The other variants were found in more than half of patients without schizophrenia.
The new study highlights the fact, however, that many of these different variants are associated with different disease processes.
“This means that we need to look at the impact of the variants in different diseases in order to understand what they do,” Prof Bunch says.
This is not the first time that researchers have found variants linked to specific diseases.
Earlier studies in the Human Genetics Database have found associations between variants in genes related to obesity and metabolic syndrome, and variants linked with depression and schizophrenia in people with both disorders.

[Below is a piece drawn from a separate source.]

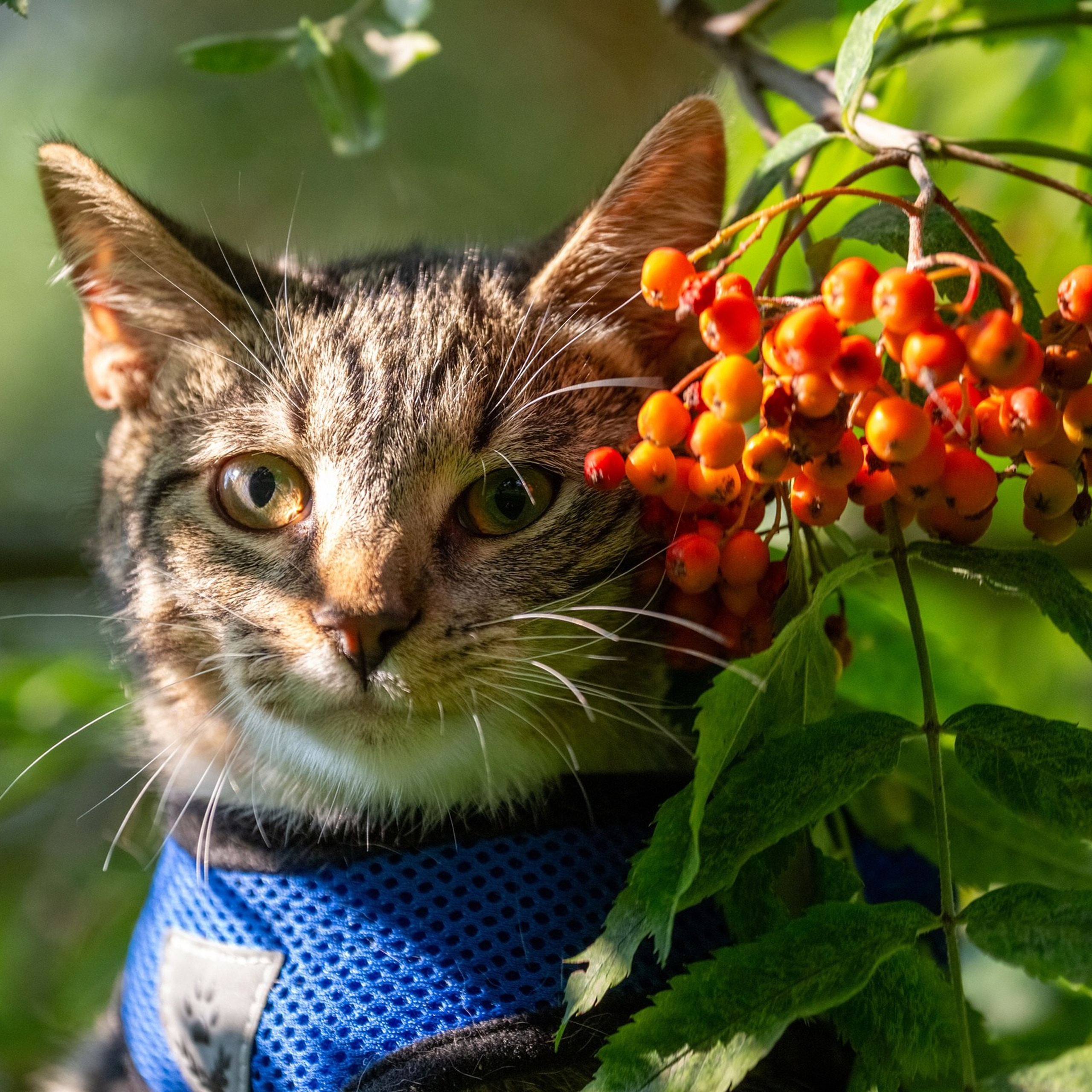 Кошки и котята в приютах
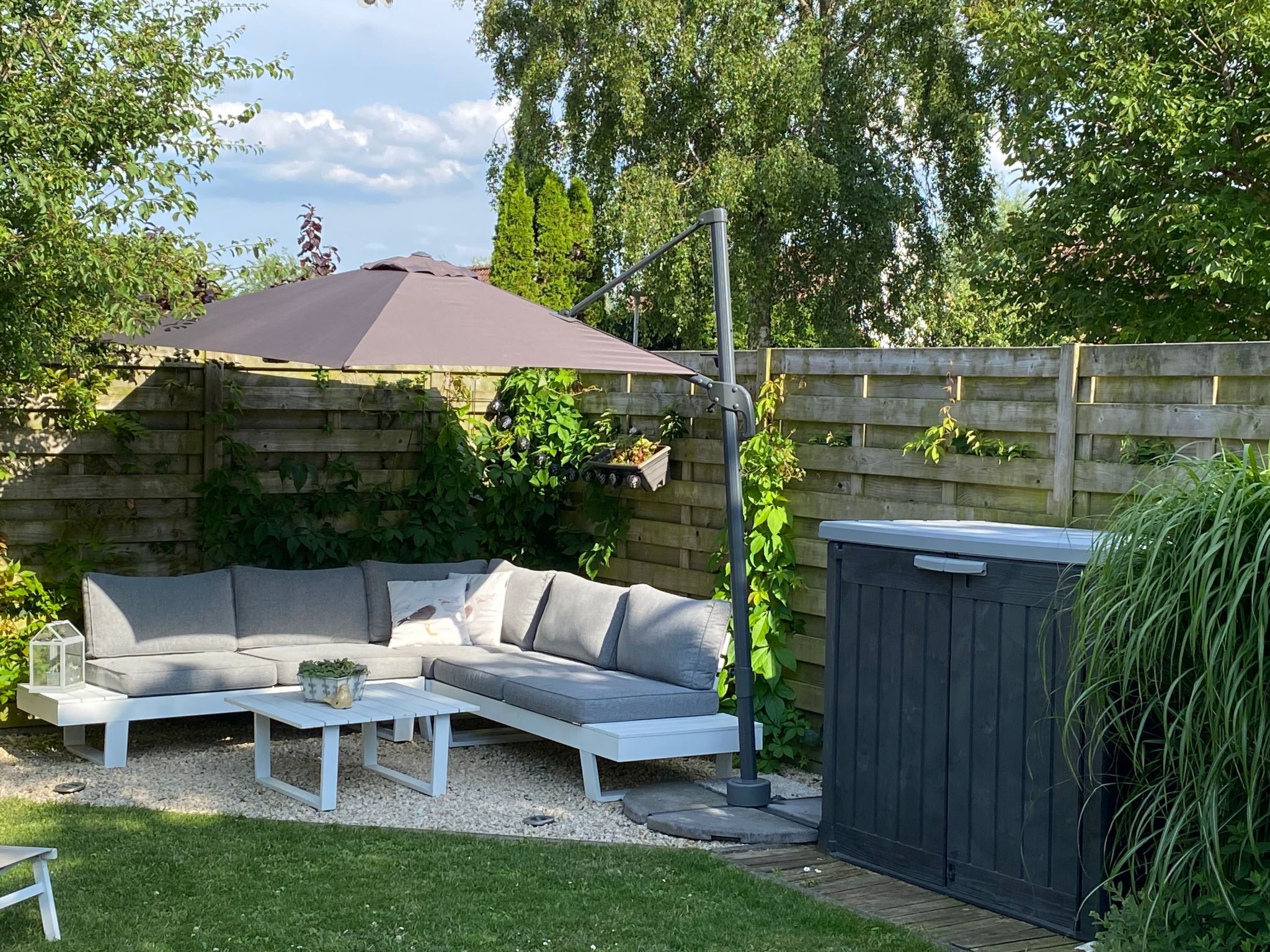 Zonneweelde bei Dünen und Wald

“When we look at what is known about the common variants, we find a lot of overlap,” says Dr Robert Alder of the National Institute for Health Research, UK.
The authors hope to continue to work on the genetic basis of schizophrenia in future, by studying the genomes and the genomes’ structure, so that we can determine how genes are connected to disease.
“It will be interesting to see how the human variant C5K1 affects patients with schizophrenia.
In general, it’s been shown that there is some correlation between the risk of developing schizophrenia and the severity of the disease.
We don’t know how this would change if we were able to isolate a single variant from schizophrenia,” says study co-author Dr Anna-Maria Zuardi from the University Medical Centre Groningen.
“However, we think it is important to look more closely at the genetic differences between schizophrenia patients and healthy controls in order see if they are responsible for this association.”
A report on the study appears in Nature Genetics.